When you call a function in R, you use the function name with a number of arguments, which you give inside round brackets, to pass information to that function about how it should run and what data it should use. So how do you know what the arguments to a function are? You can either look in the help file—using ?functionName or help("functionName")—or you can use a function called args, which will print the arguments to a function in the console. As an example of using a function, we will look at sample. This function allows us to randomly sample a number of values from a vector of given values (this is the R way of selecting balls from an urn). So let’s take a look at the arguments to this function:

> args(sample)
function (x, size, replace = FALSE, prob = NULL)
NULL

You can see that we have four arguments to this function.
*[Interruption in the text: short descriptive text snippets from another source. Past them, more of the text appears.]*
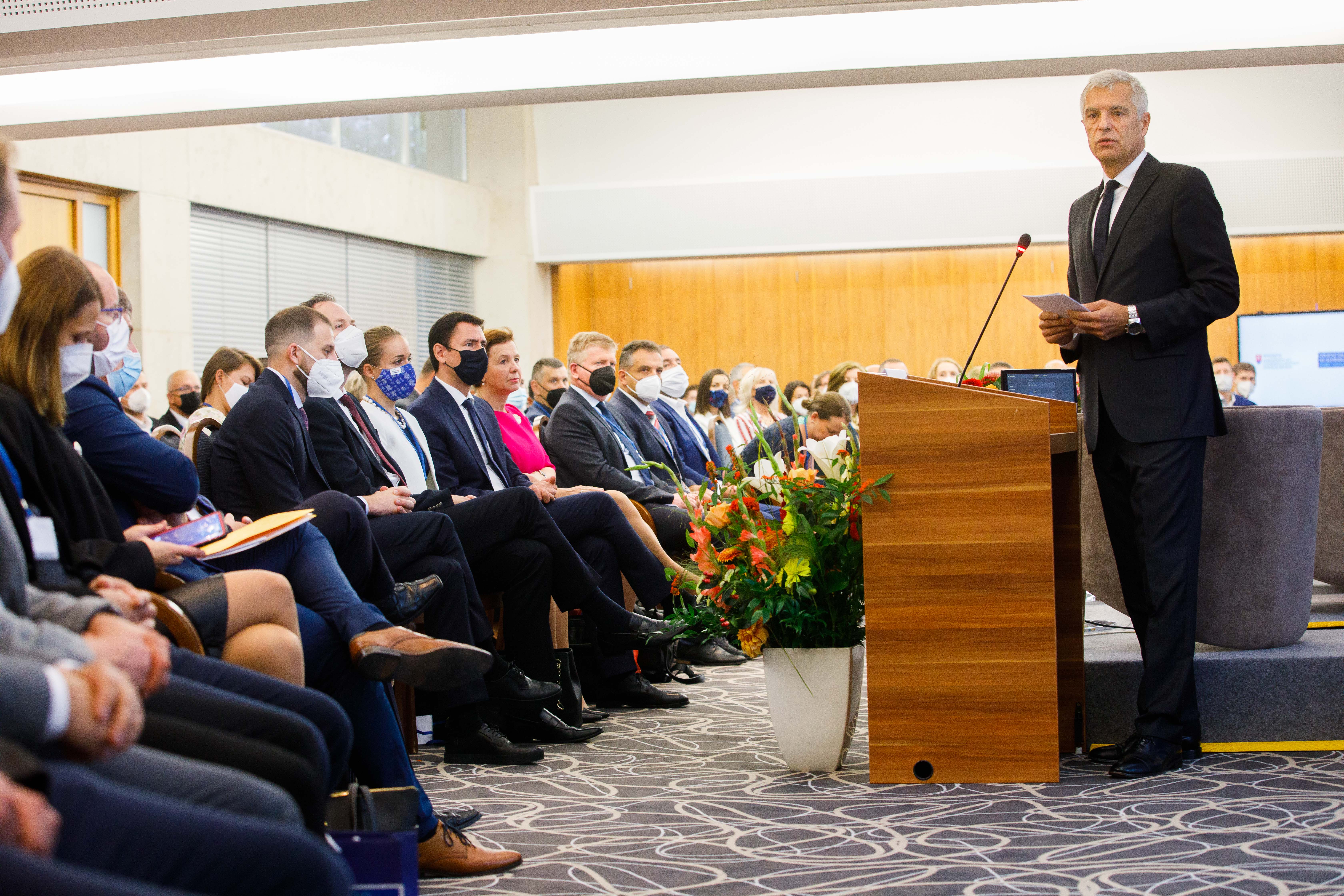 Historicky prvé podujatie ekonomickej diplomacie s názvom Exportné fórum 2021.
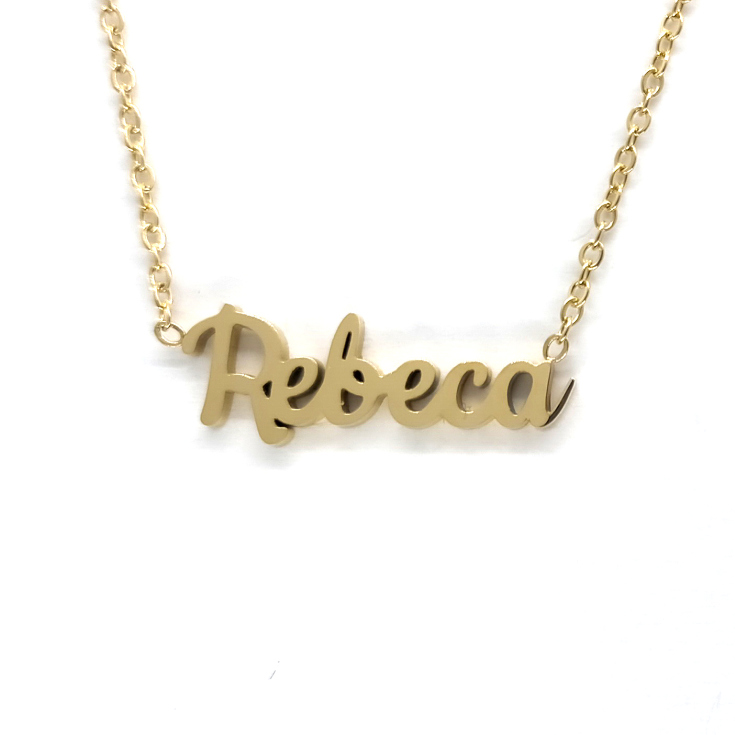 collar rebeca dorado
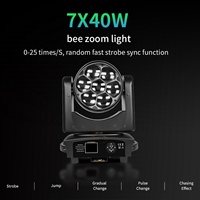 AICPOSE Projecteur professionnel à tête mobile LED 7x40W Bee Eye avec contrôle de pixels RGBW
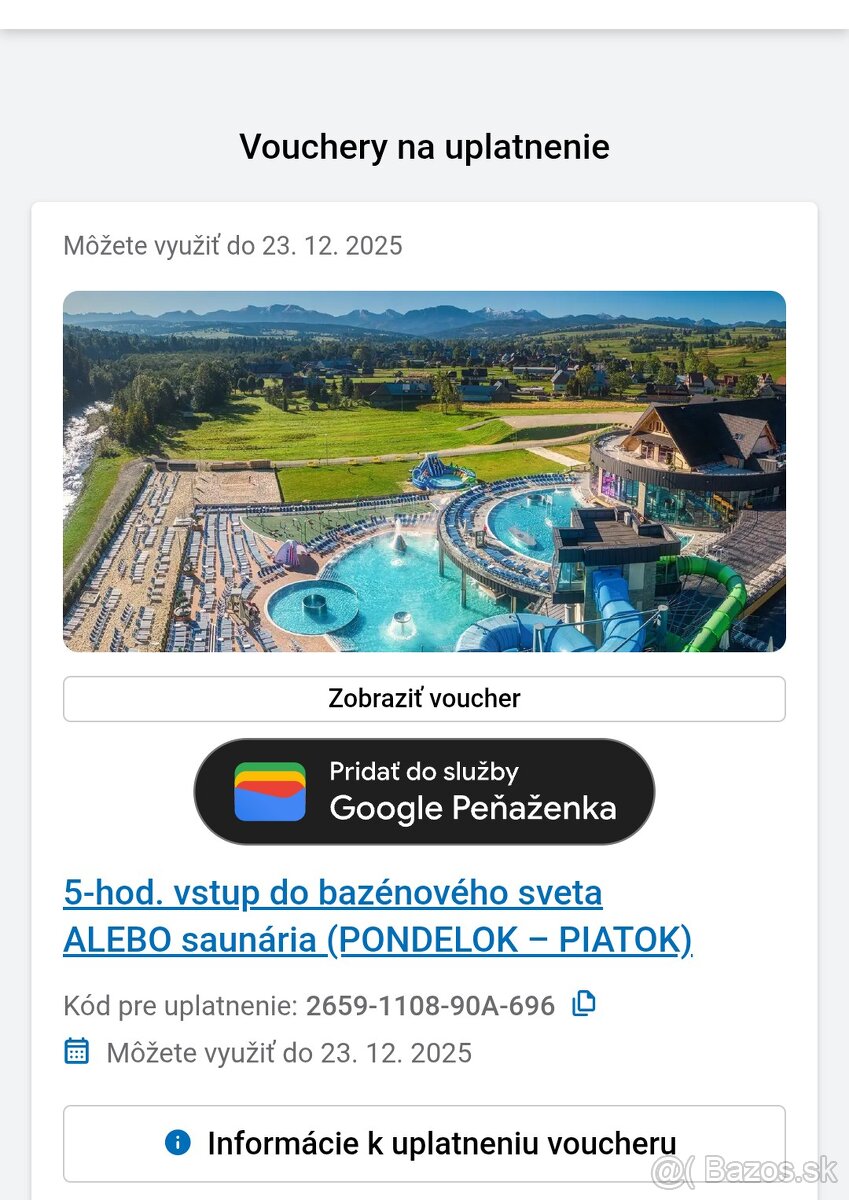 Voucher do Chocholowkych Term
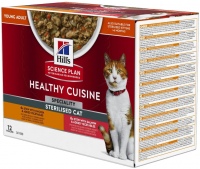 Фото - Корм для кошек Hills SP Healthy Cuisine Sterilised Chicken/Salmon 12 pcs 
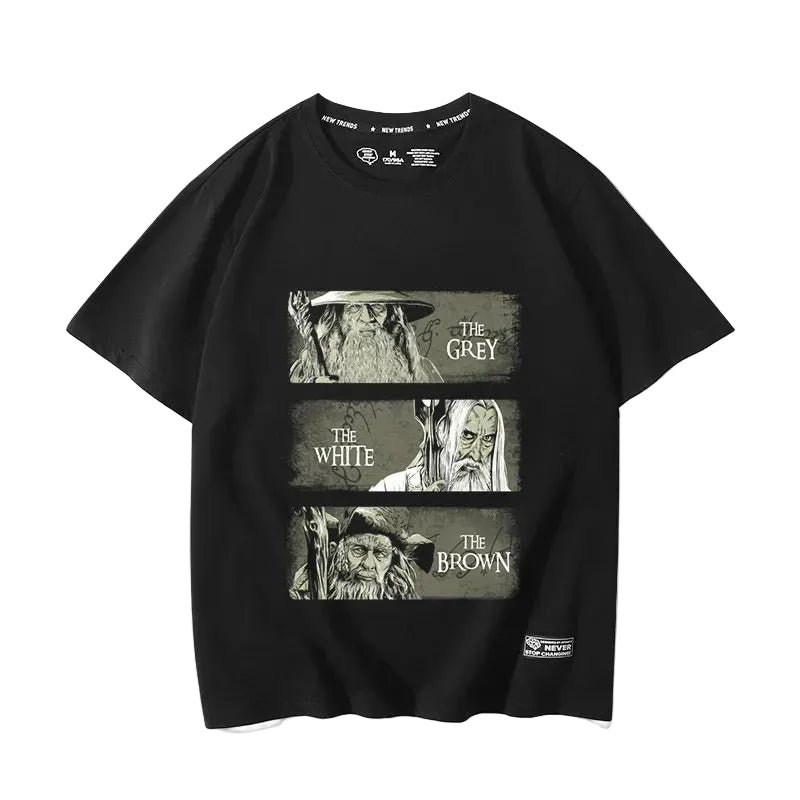 The Lord of the Rings movie The Hobbit Gollum peripheral fake two-piece short-sleeved men's and women's summer T-shirts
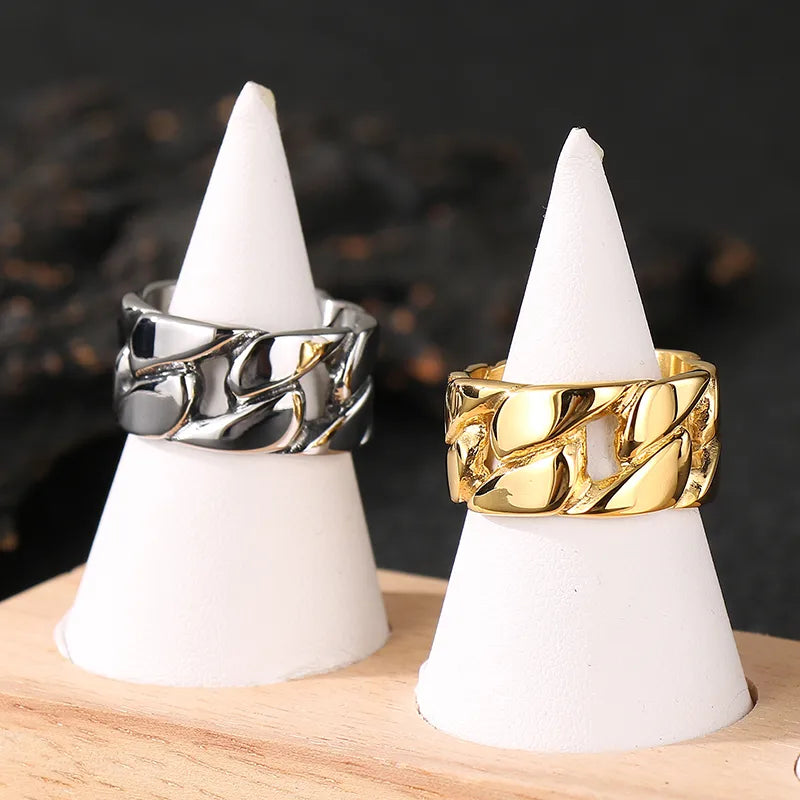 Men's Patterned Band Ring – Style 2 | Auksia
You will notice that the first two are simply given as x and size, whereas the second two are followed by = value. This indicates that they have a default value, so we don’t need to supply an alternative. Because x and size do not have a default, we have to tell R what value we want them to take. To know the purpose of the arguments, you will need to take a look at the help files, which will tell you more. In this case, x is the vector that we want to sample from and size is the number of samples we want to take, whereas replace allows us to put values back, and we can set the probability of each value with prob.

When it comes to calling the function, we can supply the arguments in a number of ways. To start with, we can name all the arguments in full:

> sample(x = c("red", "yellow", "green", "blue"), size = 2, replace = FALSE, prob =
NULL)

Because replace and size have default values, this is the same as the following:

> sample(x = c("red", "yellow", "green", "blue"), size = 2)

Using this form of complete naming of arguments, we can actually supply them in any order we like. Therefore, the preceding would do the same as this:

> sample(size = 2, x = c("red", "yellow", "green", "blue"))

It’s worth remembering that when you actually run each of these lines, you will most likely get a different result because the function is randomly sampling from the vector x.

If you provide all the arguments in the same order as the args function gives them, you do not actually need to give the names of the arguments. Therefore, we can also say this:

> sample(c("red", "yellow", "green", "blue"), 2)

In reality, you will often see, and use, a combination of naming and ordering of arguments because you will tend to remember what should come first but not the order of other arguments. Therefore, you might see something like the following:

> sample(c("red", "yellow", "green", "blue"), size = 2, replace = TRUE)

Now that you know more about how to call functions, we will look at some useful functions for various types of data.

Functions for Numeric Data

When it comes to working with numeric data, there is a whole host of functions we may want to use—from mathematical functions such as logarithms to simulating from statistical distributions. I won’t cover every single function available in R, but we will introduce you to some of the most common.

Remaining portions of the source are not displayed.